» **What you will do**: From the line with "We've had fairly" to the line with "This presentation is", output every line below exactly, both ends included. Skip the pictures.

» **Data extracts**:
*** Block opens ***

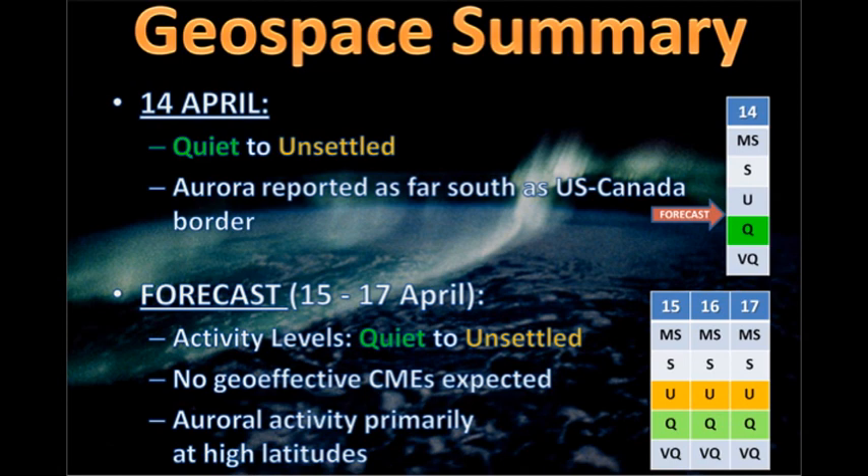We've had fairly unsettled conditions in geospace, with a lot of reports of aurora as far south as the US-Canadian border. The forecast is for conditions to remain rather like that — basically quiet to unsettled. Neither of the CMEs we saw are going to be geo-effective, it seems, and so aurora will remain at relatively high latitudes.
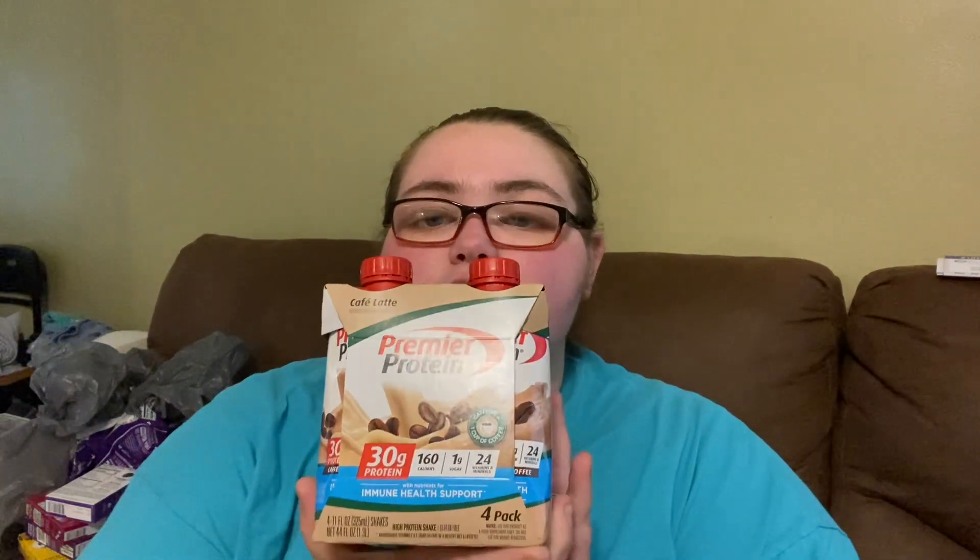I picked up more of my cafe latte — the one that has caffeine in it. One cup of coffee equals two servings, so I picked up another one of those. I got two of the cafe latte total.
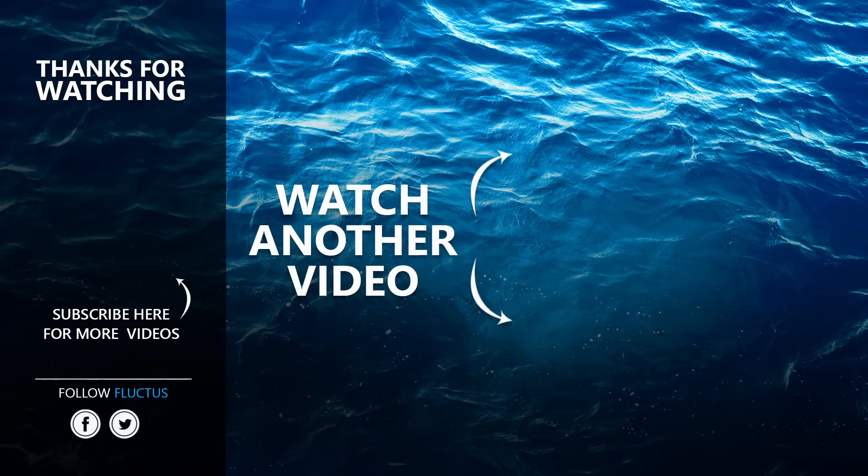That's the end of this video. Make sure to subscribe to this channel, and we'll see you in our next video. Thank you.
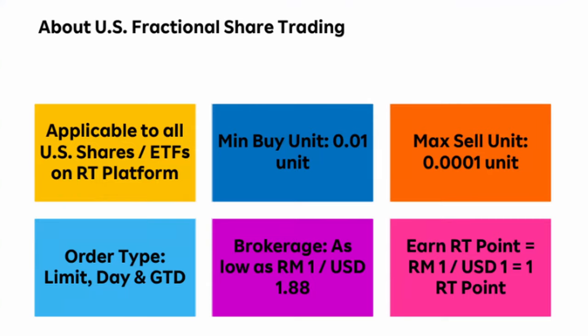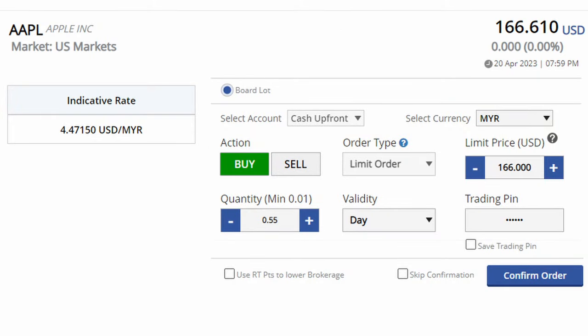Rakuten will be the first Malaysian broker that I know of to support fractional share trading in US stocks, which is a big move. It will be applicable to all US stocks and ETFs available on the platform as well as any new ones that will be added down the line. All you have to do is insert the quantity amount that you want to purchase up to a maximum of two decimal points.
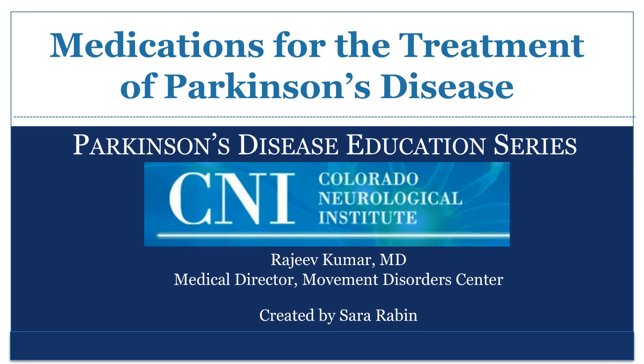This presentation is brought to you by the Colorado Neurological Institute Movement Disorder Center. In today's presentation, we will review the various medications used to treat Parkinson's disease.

*** Block closes ***
*** Block opens ***

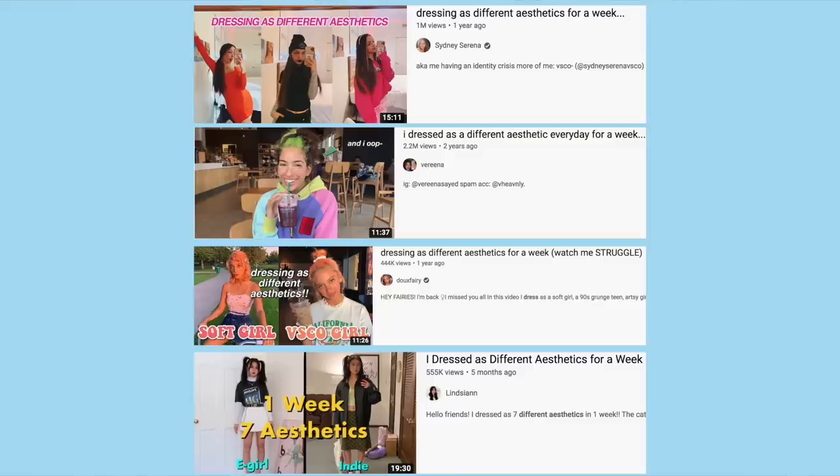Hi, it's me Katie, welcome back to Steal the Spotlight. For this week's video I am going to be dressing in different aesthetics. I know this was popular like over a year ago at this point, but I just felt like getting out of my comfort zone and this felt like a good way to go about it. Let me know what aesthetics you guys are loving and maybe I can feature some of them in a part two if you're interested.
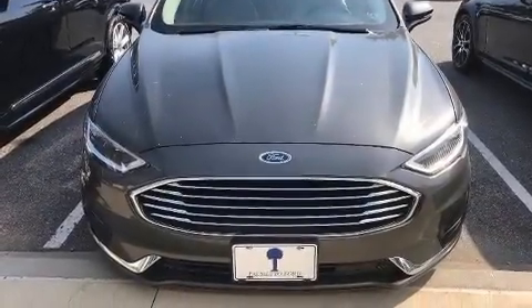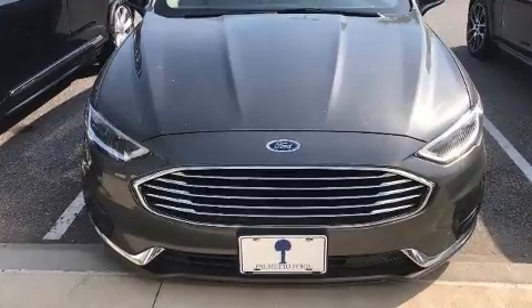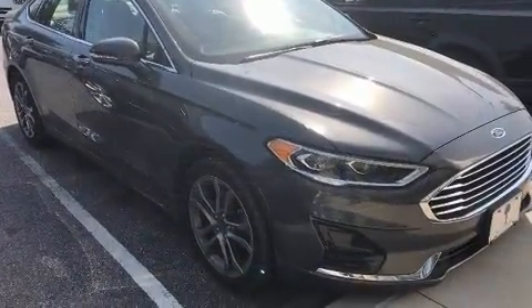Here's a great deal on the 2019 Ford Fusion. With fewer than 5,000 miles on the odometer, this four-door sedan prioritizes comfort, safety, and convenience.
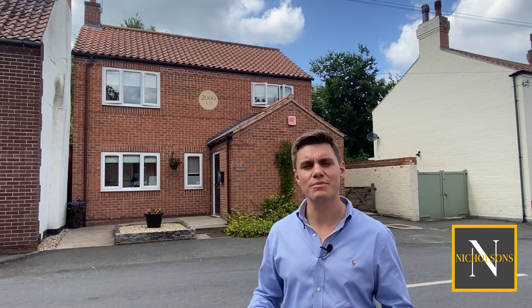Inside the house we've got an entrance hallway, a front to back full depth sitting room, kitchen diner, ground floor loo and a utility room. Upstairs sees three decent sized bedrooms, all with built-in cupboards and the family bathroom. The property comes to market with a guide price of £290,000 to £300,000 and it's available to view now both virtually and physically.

*** Block closes ***

» **The answer**:
We've had fairly unsettled conditions in geospace, with a lot of reports of aurora as far south as the US-Canadian border. The forecast is for conditions to remain rather like that — basically quiet to unsettled. Neither of the CMEs we saw are going to be geo-effective, it seems, and so aurora will remain at relatively high latitudes.
I picked up more of my cafe latte — the one that has caffeine in it. One cup of coffee equals two servings, so I picked up another one of those. I got two of the cafe latte total.
That's the end of this video. Make sure to subscribe to this channel, and we'll see you in our next video. Thank you.
Rakuten will be the first Malaysian broker that I know of to support fractional share trading in US stocks, which is a big move. It will be applicable to all US stocks and ETFs available on the platform as well as any new ones that will be added down the line. All you have to do is insert the quantity amount that you want to purchase up to a maximum of two decimal points.
This presentation is brought to you by the Colorado Neurological Institute Movement Disorder Center. In today's presentation, we will review the various medications used to treat Parkinson's disease.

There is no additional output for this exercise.